Monday, December 17, 2007

Are you the one who is to come...

Advent 3, Year A RCL

Isaiah 35:1-10
James 5:7-10
Matthew 11:2-11
Psalm 146:4-9

Are you the one who is to come, or are we to wait for another?

On this, the third Sunday of Advent 2007, still early in our church’s newest year, we hear the voice of John the Baptist – the prophet, the one who proclaimed the coming of one who would baptize with fire and the Holy Spirit. John poses a question as to the authenticity of the (then) new ministry of Jesus. His question reveals an attribute of doubt that is not often associated with this person’s story in the life of Jesus. It is an unexpected and yet understandable perspective from his point of view.

John’s role is, perhaps, a minor one in most of our conception’s of the Christian Story – though he certainly wasn’t a minor figure then. John was, as I said, a prophet, an ascetic who lived on simple foods, wore simple clothing, and preached of the coming of the Lord – that one day, one would come forth who would overturn the oppressors of God’s people, who would bring healing to those who are sick, make the blind see, make the lame walk.
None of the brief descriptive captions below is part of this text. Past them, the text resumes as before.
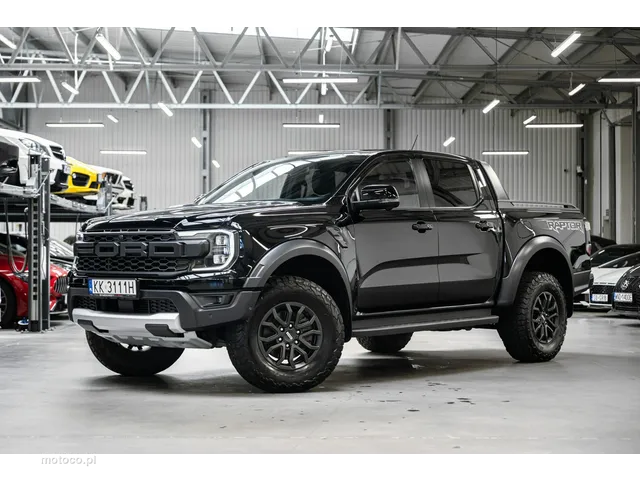 Ford Ranger Raptor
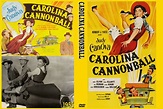 CAROLINA CANNONBALL 1955 Judy Canova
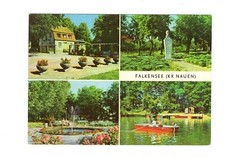 AK Ansichtskarte Falkensee /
He had a message for the world – to make straight their paths so that they might be ready to receive this mighty king who would bring good news to the poor. Talk about preaching for Advent! John’s message was one of anticipation – of waiting and of preparation. His was a message was both of great hope, and of great warning – that those who were not ready for this king would be in for it when he arrived on the scene.

John had a ministry of his own, he had a following of his own and disciples of his own. He was baptizing those who would listen and those who needed the hope in his message, that good news was being preached to them, that they had a place in God’s kingdom and it was a place higher than that of their own oppressors, those in power who ignored the obvious needs of community members (and outcasts) within plain sight.
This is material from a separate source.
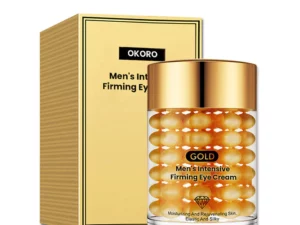OKORO Men's Intensive Firming Eye Cream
So, knowing that John was expecting a powerful and mighty Messiah, one might understand a little more when John asked the question of Jesus – are you the one? Are you here to do all the things that I have been proclaiming – the pronouncements that I was born to make as a prophet of God, as one following in the footsteps of Elijah… Are you him? Are you here? Is my work complete? Have I fulfilled my mission?

John questioned Jesus’ authenticity as the one to fulfill all that he had proclaimed – because Jesus’ way of being in the world did not match up with what John expected – Jesus did not look, or act, or sound like the Messiah that John had been proclaiming all those years – so he had cause to question.
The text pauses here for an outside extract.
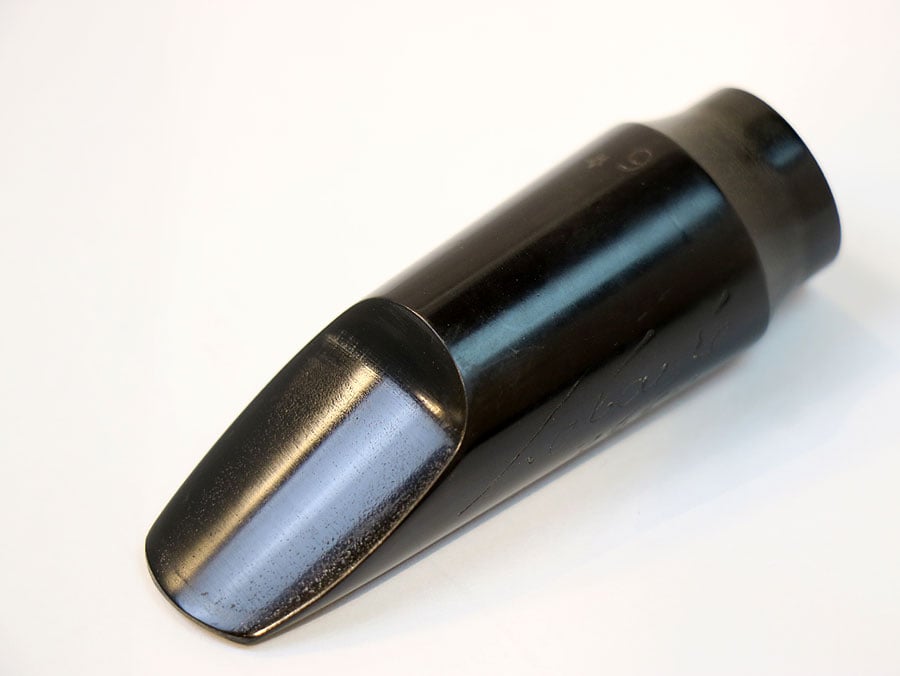 USED LEBAYLE / LEBAYLE SS RUBBER 6 star mouthpiece for soprano saxophone [10]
John’s expectation’s of what to look for came from a place of biblical proportions. The same God that was poetically described in our Hebrew text – one who would make fruitful the deserts, make tender the wild beasts, make a Holy path for the righteous to walk on – that same expectant savior was described in the passages prior to that as one who would bring vengeance and judgment down on those who ignored the needs of the poor, and oppressed those who were victims of poverty and economic and societal injustice. This Jesus, this new bearer of John’s prophetic witness, this one being proclaimed as the one greater than John that would follow – he did not seem to wield the kind of power that John was waiting for.

Though his words may have stated, “I have come to bring, not peace, but a sword,” his way of doing this was through preaching a message of love – a commandment of love – but not reaping the kind of “eye for an eye” justice that perhaps John was certain he would see, or at least might begin to hear of through the walls of his imprisonment.

Jesus answered them, “Go and tell John what you hear and see: the blind receive their sight, the lame walk, the lepers are cleansed, the deaf hear, the dead are raised and the poor have good news brought to them.”

John’s expectations of how the Messiah might live out his ministry were unmet – Jesus’ words, his message back to John, was that all that he had proclaimed would come was being fulfilled. And the teaching that he turned this interaction to was for the crowds and for us as well. God does not always enter our lives in the way that we expect, in the way that we assume, in the way that we desire. God’s movement, incarnation, presence and practice among us is God’s work, not ours. Our work, like John’s, is to discern where God is present, where God is calling us to be present, and to do as Jesus told John, to see and hear God’s work in the world.

Our own presiding bishop Katharine Jefferts Schori speaks to this truth in her address to the church in this Advent season. “Advent is both a time to ready our eyes to see God in unlikely guises, and to put our hope in God's ultimate graciousness.”

– PB Katharine Jefferts Shori

Unlike John, we stand on the other side of the story of Jesus’ life. We have the opportunity to respond differently than John did. Remember – he was a prophet, and Jesus’ ministry was newly on the scene when John’s ministry was phased out – and by phased out I mean, when John met his untimely demise. We hear these scriptural stories from a place of hind-sight – both from the writer’s point of view and from our own experience of having heard the Jesus’ story in church, in Sunday School, at the movies, on Broadway, on the street corner, etc. etc. etc.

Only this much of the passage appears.